Games are not an artistic form; nor have they ever been; nor will they ever be.
"FILM IS NOT ART, movies can never be art, filmakers cannot make art" ~Ralph Block 1927
Forward thinker detected.
zapping the reward center in your brain for dopamine
Looks like someone has been looking at the Fallout 4 design docs...
Any good game is fun. I can't name a good game that isn't fun. If art comes about on its own, who am I to stop it, but fun itself is the paramount quality of a game. Pathologic is a neat little game, but it's not fun. If it were fun, I'd say it was a masterful work of art and wouldn't consider it a negative quality. But to say Pathologic is art and nothing else belies its flaws.
The same company that did Pathologic did The Void. The Void is much much more a game than Pathologic and remains almost as artful, or as I would put it, more artful. I wouldn't play
it again either, but I enjoyed it much more.

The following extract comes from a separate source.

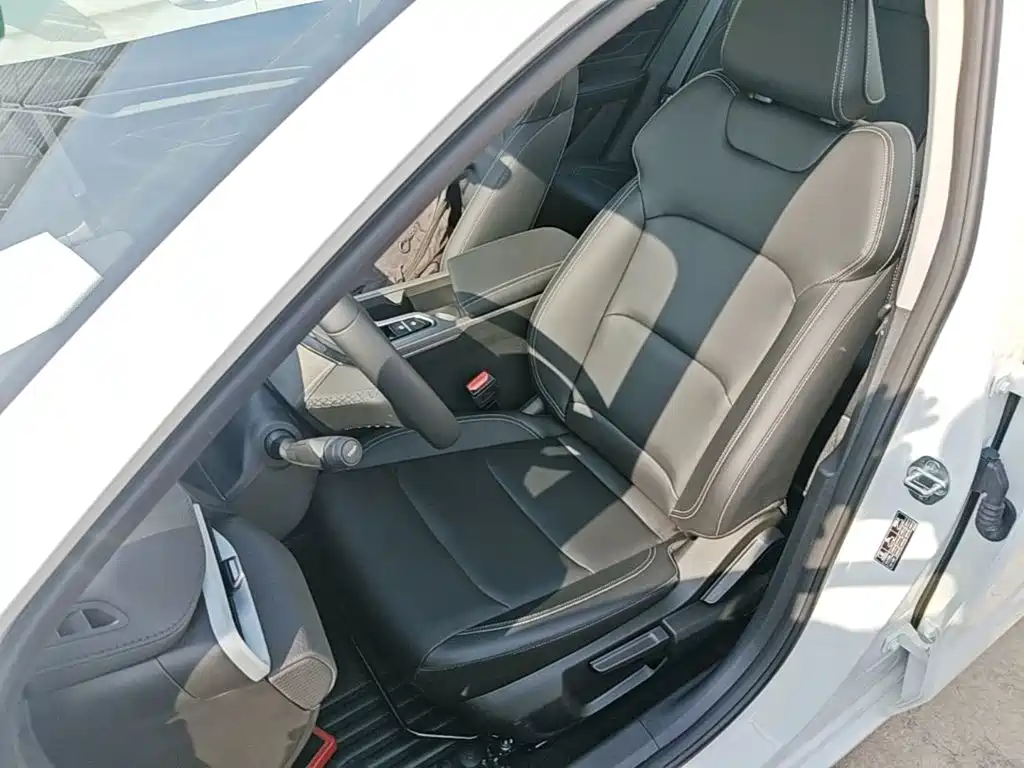 Geely Emgrand — миниатюра 15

A game needs to be fun, is my point. But without fun, a game is not really artful, because to me art only comes about from a mastery of a skill. You wouldn't say an amateur's pot is a
work of art, even if it expressed an interesting idea; an amateur by definition does not yet have the skill to produce something of mastery. You can say it's in the vein of art, and a work in the lifetime of a developing artist, but I wouldn't say it's
art. Art as a concept is, "skill", and skillless art is not much to behold, even if you nannies might try to say everyone is an "artist" and that the shit you put in a toilet can be called art; in which case, who is the one reinventing the definition of art? Not I.
Someone who is a master of their trade... and let's say that trade is making video games? Well, they better make a goddamn masterful game. Then I'll call them an artist. But most game designers, like most artists, are hacks, and ergo, what they produce can scarcely be called art.
I want games to be fun because I derive entertainment from them. Once developers can produce games that are consistently fun, then they can consider ways to make them artful -- though usually, the act of making a fun game makes it art in and of itself.
Go is an artful game, but really only by coincidence. And Go is fun -- otherwise nobody would play it. If Go weren't fun, it'd be people putting colored stones on a board pointlessly. Nobody wants to waste their precious time marvelling black and white stones on a board, despite what pretentious hipsters might try to tell you.
The last thing we need in the industry right now is more poetic, cinematic, gameless twats, who think they can spend 95% of the budget on marketing, graphics, art direction, story and voice acting and expect a product worth my $60 buckaroos (or more, as the case is becoming).